I hear a lot of people only got Halo ODST for the Halo Reach beta.


----------



## Fudge (Sep 13, 2010)

I'm playing this one at my friends tomorrow. My 360 is broken. Oh yeah, on Friday me and 3 other friends are gonna beat the campaign together in one sitting. We all swore not to play campaign until then


----------



## FireEmblemGuy (Sep 13, 2010)

It's a shame that if we ever do see a new Timesplitters game it'll be on the Crysis engine.


----------



## Blaze163 (Sep 13, 2010)

Speak of the devil, the kid across the road from me just left a note on my Facebook page again claiming that I only think Halo is crap because I'm too poor to afford it.

Yeah, I earned enough to buy Reach within my first two hours of work this morning (god bless our 'catch a thief you get £25 bonus' scheme). I'm not a stuck up mummy's boy who just flashes the puppy dog eyes and gets what he wants. I actually earn what I have. I swear, if he comes over at the weekend with my little brother and goes on about Reach and gets any more cheeky than he is, I swear I'm going to shove my gunblade though his eye socket. He's been pushing his luck for a LONG time and frankly I don't see why I should take this sort of shit from some nobody from across the street in my own home just because I don't suck on the big fat Halo cock which he's gotten himself addicted to as a consequence of not having any brain cells.


----------



## Cortador (Sep 13, 2010)

RupeeClock said:
			
		

> That's all good and well Halo, but do you have one million pre-orders like Pokémon Black/White?



If you do some research, you will see that its over 2M.


----------



## Law (Sep 13, 2010)

Blaze163 said:
			
		

> Speak of the devil, the kid across the road from me just left a note on my Facebook page again claiming that I only think Halo is crap because I'm too poor to afford it.
> 
> Yeah, I earned enough to buy Reach within my first two hours of work this morning (god bless our 'catch a thief you get £25 bonus' scheme). I'm not a stuck up mummy's boy who just flashes the puppy dog eyes and gets what he wants. I actually earn what I have. I swear, if he comes over at the weekend with my little brother and goes on about Reach and gets any more cheeky than he is, I swear I'm going to shove my gunblade though his eye socket. He's been pushing his luck for a LONG time and frankly I don't see why I should take this sort of shit from some nobody from across the street in my own home just because I don't suck on the big fat Halo cock which he's gotten himself addicted to as a consequence of not having any brain cells.

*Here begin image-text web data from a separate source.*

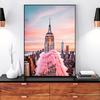Creative The Eiffel Tower Is Wearing a Pink Skirt Wall Arts Prints Fashion Pink Posters Summer Fashion Home Wall Decor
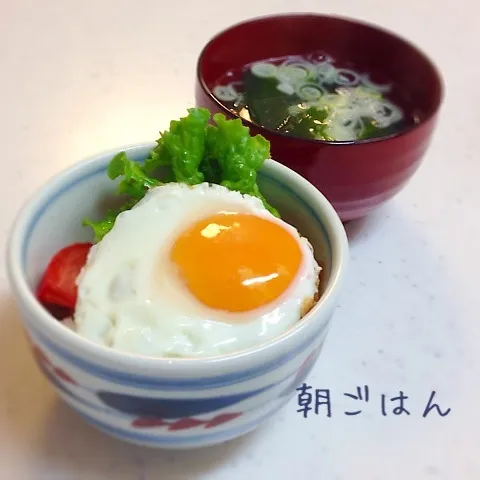 Snapdishの料理写真:久々、ご飯で朝ごはん(o´∀｀o)ﾉ|ひろママさん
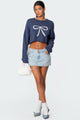 Low Rise Mini Skirt | Pocket Detail Denim Look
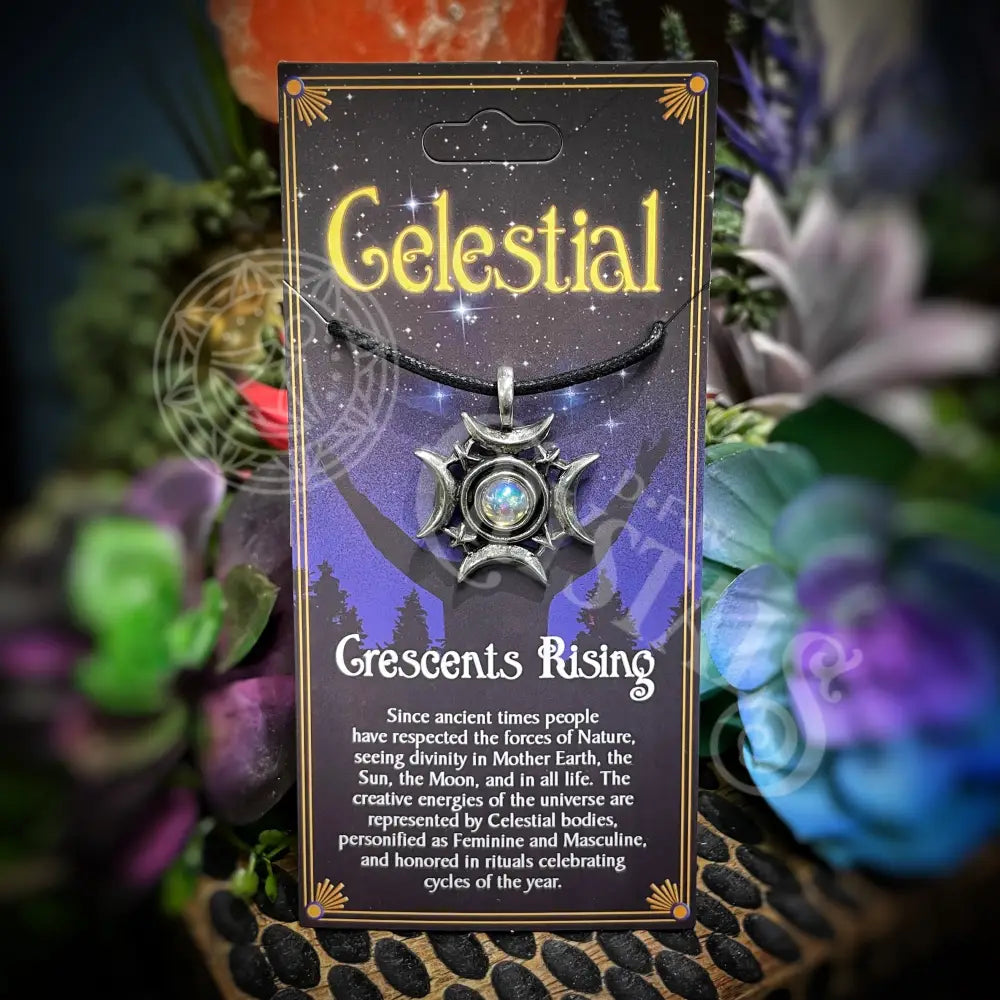 Celestial Pendants: Crescents Rising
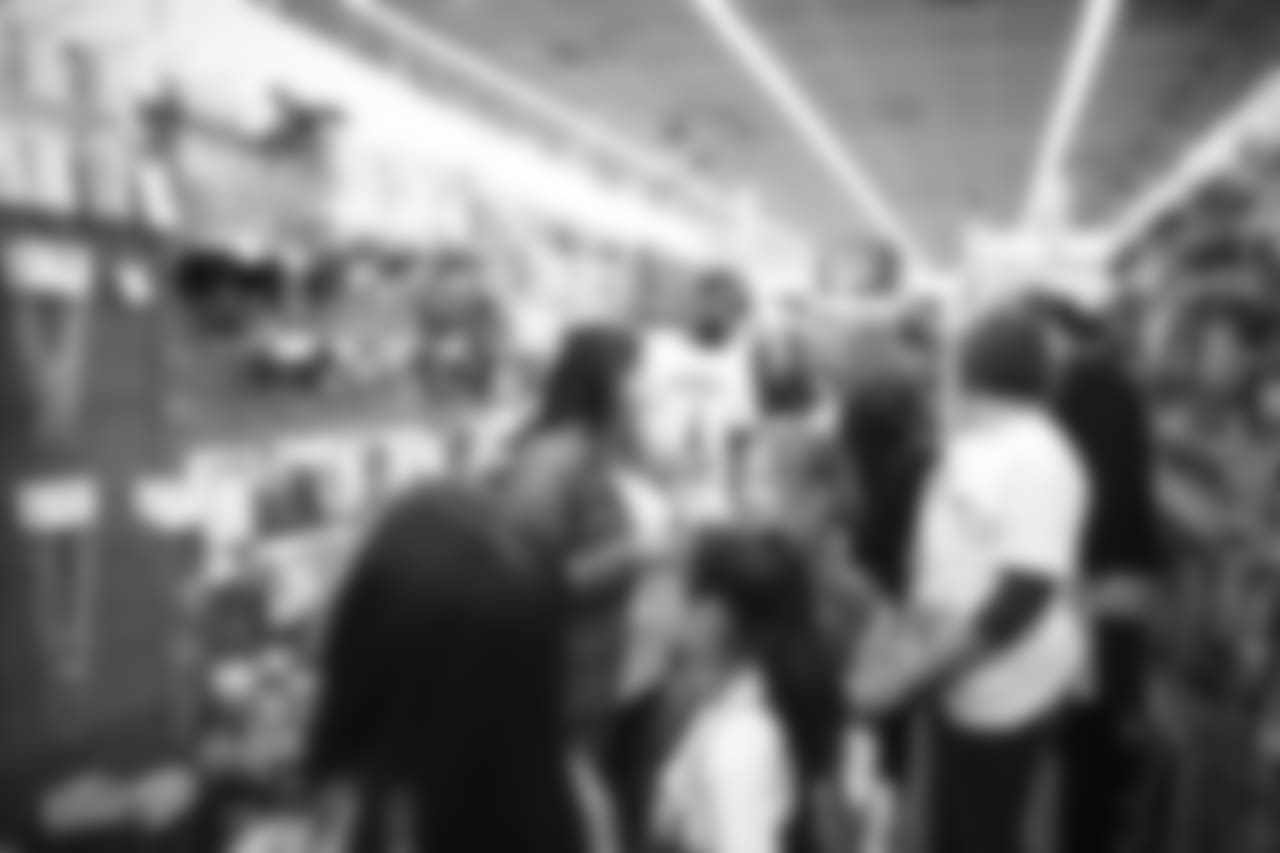 An image of the Dec. 4, 2018 community development event in which Kareem Jackson and his teammates purchased Christmas gifts for Houston-area students.
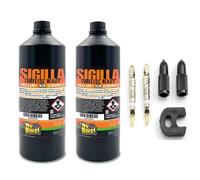 2 LITRI liquido mvtek sigillante Tubeless non Schiumoso DR BIKE + 2 VALVOLINI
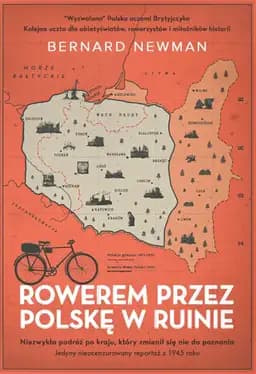 Okładka książki „Rowerem przez Polskę w Ruinie” — Bernard Newman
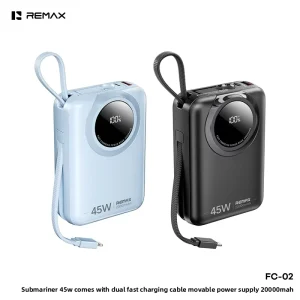 Stealth 45W Portable Power Bank Type C Input Smart Digital Display Plastic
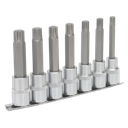 Sealey Premier Ribe Socket Bit Set 1/2"Sq Drive 100mm 7pc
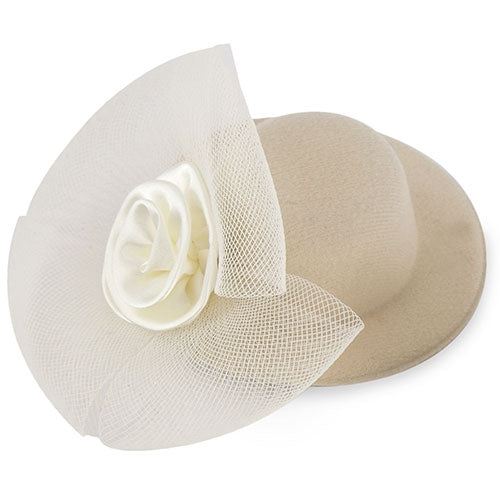 Tocado Medio Lourdes Crudo Crema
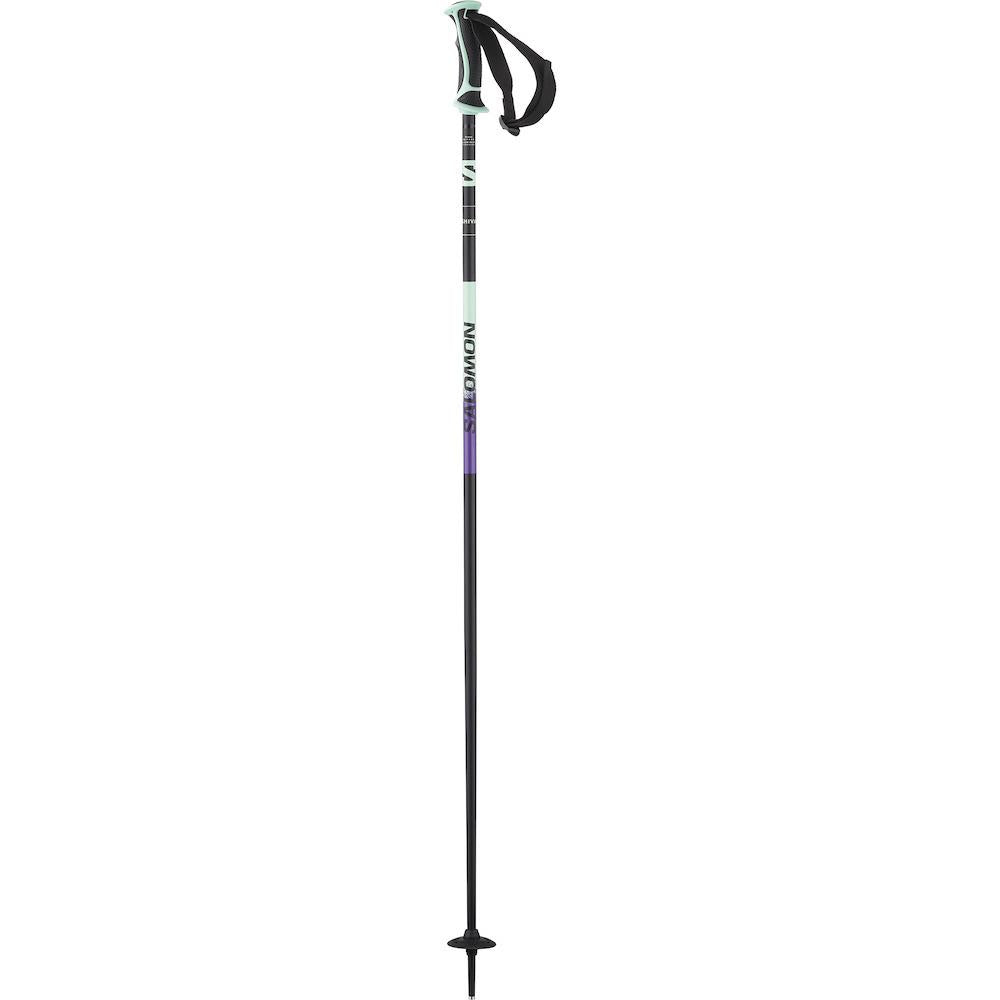 Salomon Shiva Womens Ski Poles Black/Beach Glass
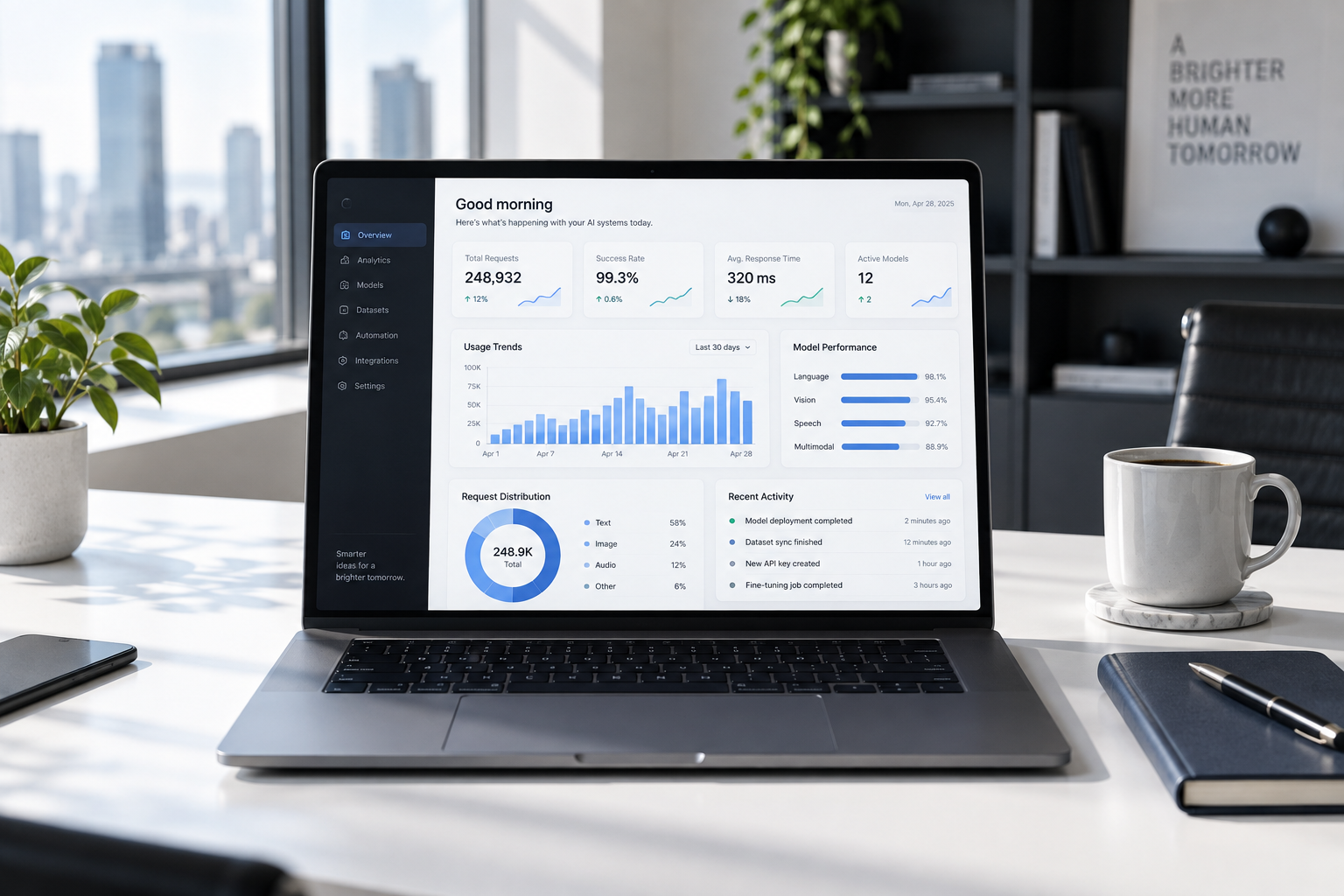 AI tools workspace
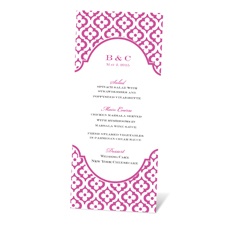 Mosaic Crest Menu Card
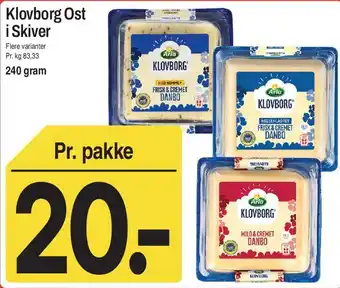 Klovborg Ost i Skiver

You should buy a copy of Halo Reach before him and pretend to give it to him and say he can play it

and then take the disc out of the box and snap it in half.

and then stab him with the sharp edges, obviously.


----------



## Blaze163 (Sep 13, 2010)

Law said:
			
		

> Blaze163 said:
> 
> 
> 
> ...



He already has Reach, that's exactly the problem. His precious mummy ordered it from Amazon and it arrived this morning. He's probably wanking off into the manual right now.

Although I may just snap his copy and insert it into his eyelids, that works just fine for me.


----------



## BobTheJoeBob (Sep 13, 2010)

Halo's nothing compared to Time Splitters.



			
				FireEmblemGuy said:
			
		

> It's a shame that if we ever do see a new Timesplitters game it'll be on the Crysis engine.


I pray day and night for a TS4. Hopefully my prayers will be granted after Crysis 2.


----------



## Blaze163 (Sep 13, 2010)

BobTheJoeBob said:
			
		

> Halo's nothing compared to Time Splitters.



Exactly. But that's just a personal favourite. Nobody can deny that Halo rakes in the cash, but that doesn't mean it's a quality game, it just means people are getting thicker by the day.

Hell, you want a game that's made more money and had far more success and influence than Halo? How about Doom? The fucking grand daddy of them all. Pretty much invented the FPS game and it's STILL better than Halo.


----------



## Cortador (Sep 13, 2010)

Blaze163 said:
			
		

> BobTheJoeBob said:
> 
> 
> 
> ...



Opinions opinions opinions...


----------



## BobTheJoeBob (Sep 13, 2010)

Cortador said:
			
		

> Blaze163 said:
> 
> 
> 
> ...


Here's my opinion. Halo is not a bad game, but over hyped like hell and doesn't even live upto the expectations. Anybody with a decent IQ can realise this.


----------



## RE4zombie (Sep 13, 2010)

BobTheJoeBob said:
			
		

> Cortador said:
> 
> 
> 
> ...


Right on.  Halo isn't even top in the FPS genre, that's still Quake.


----------



## MelodieOctavia (Sep 13, 2010)

Let's see what's bigger than Halo?

Oh, I dunno...

Mario franchise
Pokemon franchise
Zelda franchise
Final Fantasy franchise


If We are talking international, 
PES franchise
FIFA franchise
Shin Sangokumusou (Dynasty Warriors)

I really could go on and on, but Halo is hardly the biggest...just MAYBE the most popular RIGHT NOW


----------



## Blaze163 (Sep 13, 2010)

Cortador said:
			
		

> Blaze163 said:
> 
> 
> 
> ...



I dunno, I reckon if we adjusted for inflation then Doom's probably made more than Halo over the years. Think about how damn near essential Doom was in the formative years of gaming. It was the killer app for the PC. Yeah, the franchise has died over the years with Doom 3 having mixed reviews and the movie being pure cock snot, but the original and Doom 2, in all their many forms on all the consoles, must have made more than Halo IMHO.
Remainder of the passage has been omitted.